YOUR ASSIGNMENT: No pictures, please. Output the lines from the start of the data through the line that contains "This is Anjali", both included, exactly as they stand.

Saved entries
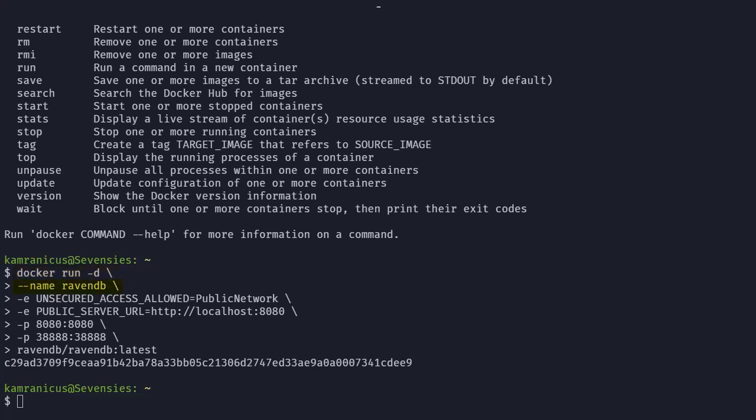The --name parameter is the name of our container. We're setting it to RavenDB explicitly because otherwise Docker chooses a weird random name like fluffy kitten mittens or something like that.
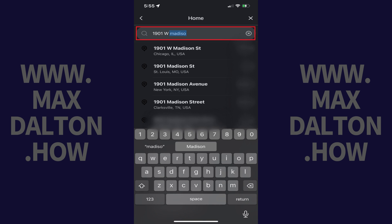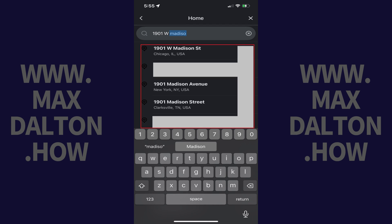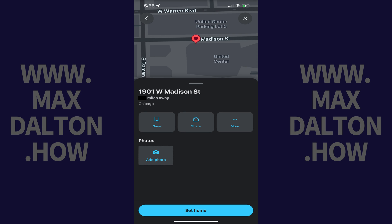Step 6: Enter the address you want to use as your Waze home address in this field. When you see your home address appear in the list of results, tap that address. A preview screen with that address will be shown.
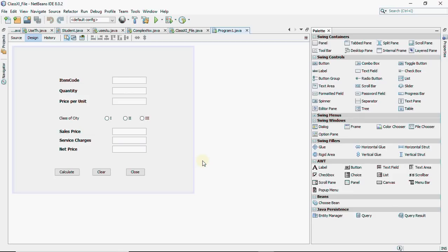This is Anjali and in this video we are going to do a question for GUI. As you know that these questions carry five marks in your exam, in the theory exam.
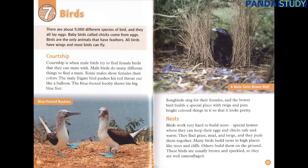Nests. Birds work very hard to build nests — special homes where they can keep their eggs and chicks safe and warm. They find grass, mud and twigs and push them together. Many birds build nests in high places like trees and cliffs. Others build them on the ground. These birds are usually brown and speckled so they are well camouflaged.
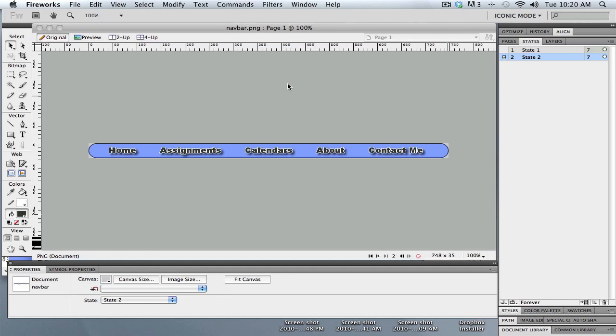Hello, this is Tim Stack from the Utah Education Network, and this is part two of this set of tutorials on creating a navigation bar, a graphical navigation bar, and then adding flyout menus to it.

OUTPUT OF THE TASK:
The --name parameter is the name of our container. We're setting it to RavenDB explicitly because otherwise Docker chooses a weird random name like fluffy kitten mittens or something like that.
Step 6: Enter the address you want to use as your Waze home address in this field. When you see your home address appear in the list of results, tap that address. A preview screen with that address will be shown.
This is Anjali and in this video we are going to do a question for GUI. As you know that these questions carry five marks in your exam, in the theory exam.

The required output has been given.